The Ultimate Guide to Ceramic Art
Made from a variety of materials including clay, ceramic art may take on a variety of forms such as tiles, figurines, sculpture, tableware, or art ware. Some ceramic art is considered to be fine art, while others are categorised as decorative and there are also many examples of ceramic artefacts in archaeology.
Almost all developed countries have a long history of ceramic art and there have been cultures, such as the Nok in Africa some 2,000 years ago, where all that remains of them are the ceramic objects they created. The word ‘ceramic’ was derived from the Greek work keramikos, meaning ‘pottery’, and historically ceramic products were shaped from clay and then subjected to heat – much like how most decorative ceramics and tableware is still made today. Certain cultures are especially noted for their ceramics such as the Chinese, Mayan, Japanese, Persian, Greek, and modern Western cultures.
The Material Used to Create Ceramic Art
Combining different types of clay with different minerals and firing conditions will produce earthenware, stoneware, porcelain, and bone china.
- Earthenware: pottery not fired to vitrification and thus permeable to water. Often made from clay, quartz, and feldspar, earthenware was most common type of ceramic art produced outside of the Far East until the 18th
- Stoneware: a vitreous or semi-vitreous ceramic made typically from stoneware clay which has been fired at high temperatures.
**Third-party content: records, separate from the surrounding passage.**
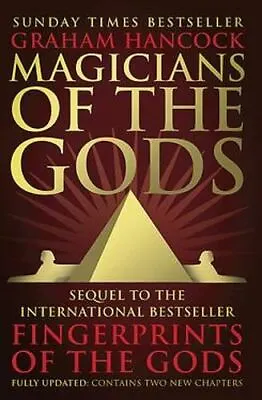 Magicians Of The Gods By Hancock Graham New Book • £5.86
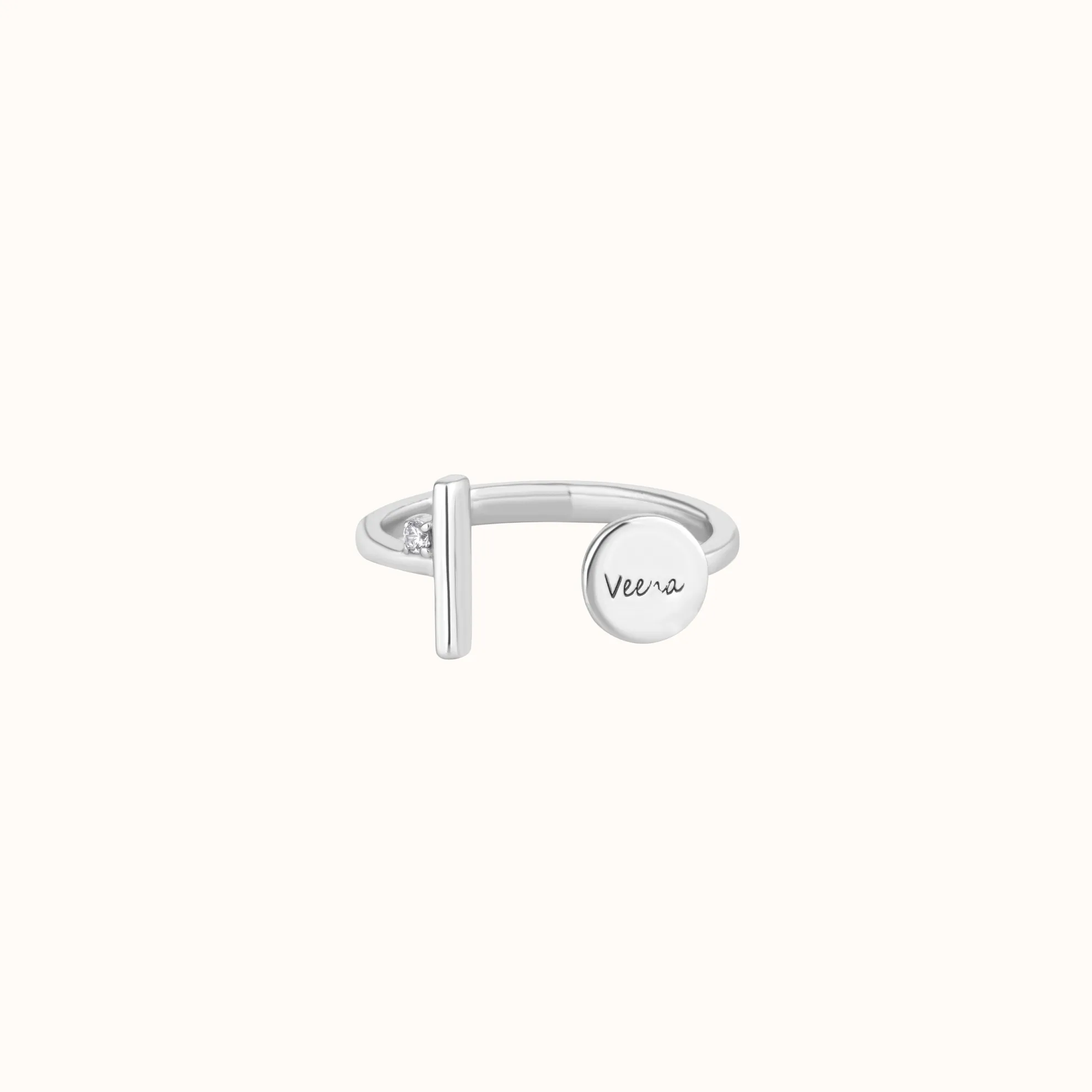 Personalized Open-Ended Ring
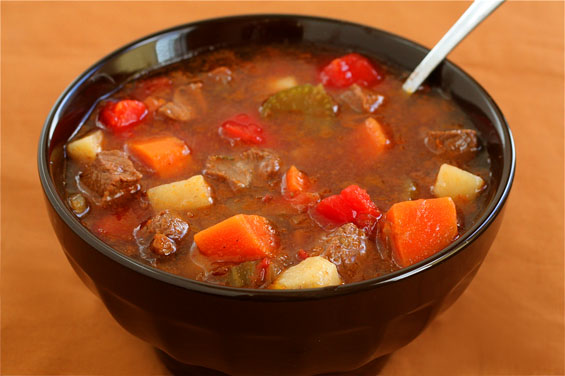 Vegetable Beef Soup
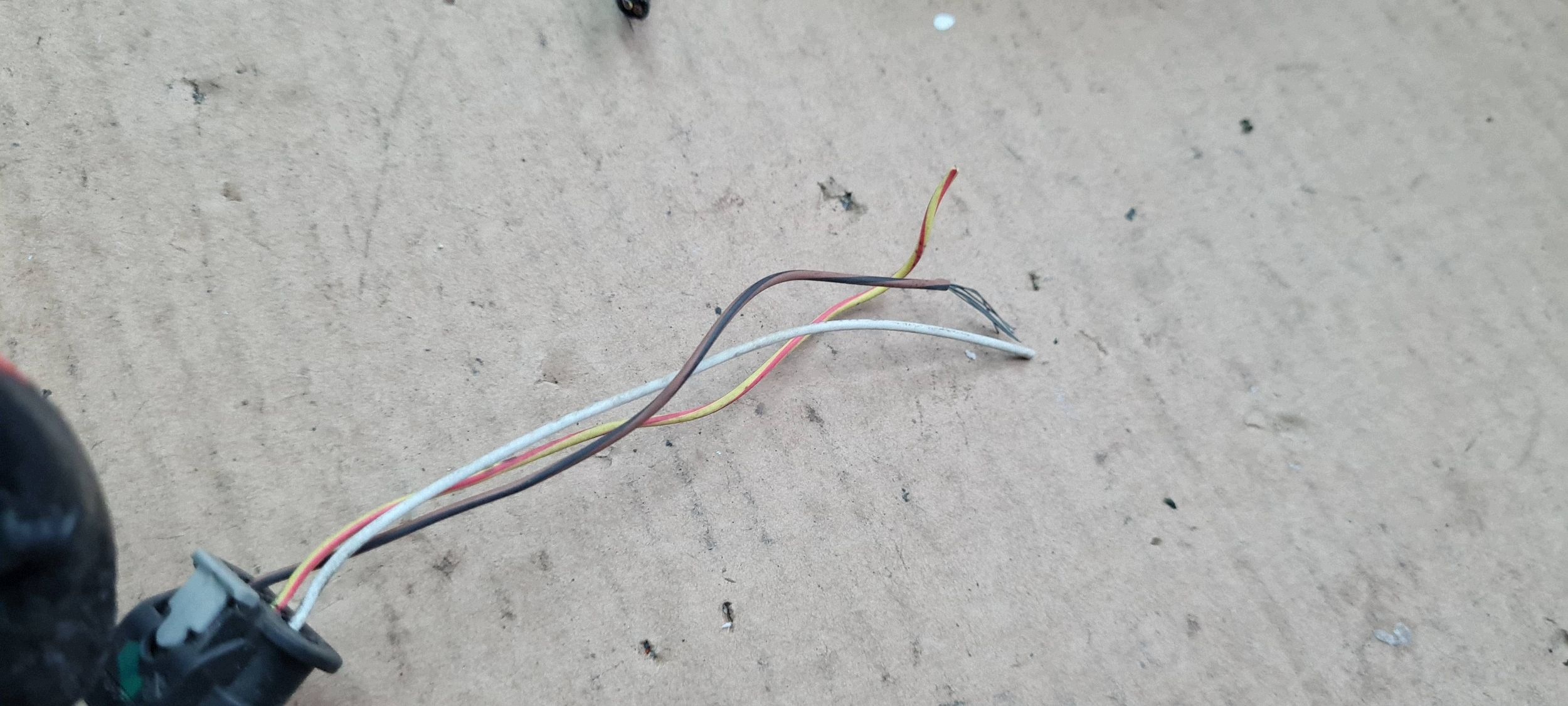 A6 C7 4G sensor PDC connecting spoiler A7 4G A5 8T A4 B8 Q5 8R 4H0919275A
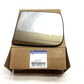 New OEM Genuine Mopar Front Left Driver Side Door Mirror Glass 68067729AA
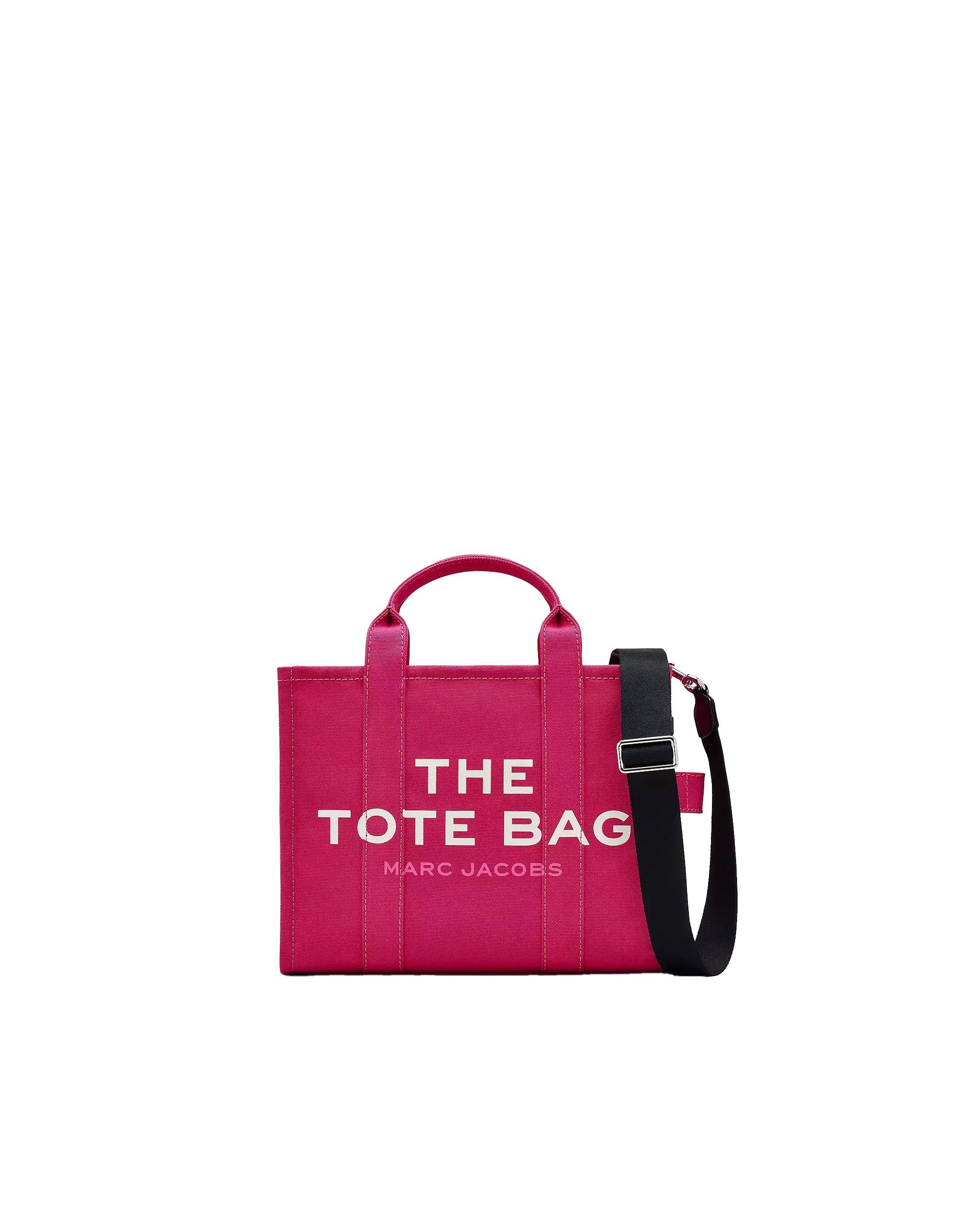 Textured Cotton Canvas Small Tote Bag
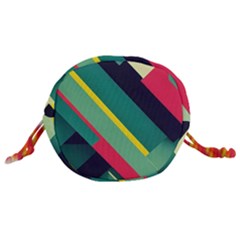 Drawstring Bucket Bag 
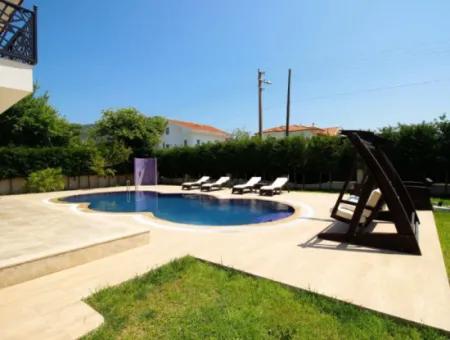 Detached Luxury Villa With 5 1 Pool On 770 M² Plot In Dalyan, Mugla Ortaca For Sale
Stoneware is nonporous whether vitrified or not and may be glazed or unglazed – making it almost as varied as bingo for money.
- Porcelain: a ceramic material created by heating materials including kaolin in a kiln to temperatures between 1,200 and 14,000 °C. Porcelain gains its strength and translucence from vitrification and the formation of the mineral mullite during the extreme firing process.
- Bone china: a type of soft-paste porcelain made from bone ash, feldspar, and kaolin. Known for its whiteness and translucency, bone china has a very high mechanical strength and chip resistance.
The Surface Treatments Applied to Ceramic Art
- China painting: the decoration of glazed porcelain objects such as plates, bowls, vases or statues. The body of the object is typically first fired to create a hard porous biscuit, followed by an underglaze and a ceramic glaze, which is then fired again so the glaze adheres to the body. The body is then decorated by over glaze painting and fired again at a low temperature.
- Slipware: a type of pottery categorised by the decorating process where slip is placed onto the surface of the clay body before painting, splashing, or dipping. An aqueous suspension of the clay body, slip is a mixture of clays and minerals such as feldspar, quartz, and mica and can also be applied by painting techniques.
- Terra sigillata: a watery refined slip used to burnish raw clay surfaces and promote carbon smoke effects. Terra sigillata can also be used as a decorative colourant which can be applied by brush to higher temperature glazed ceramics.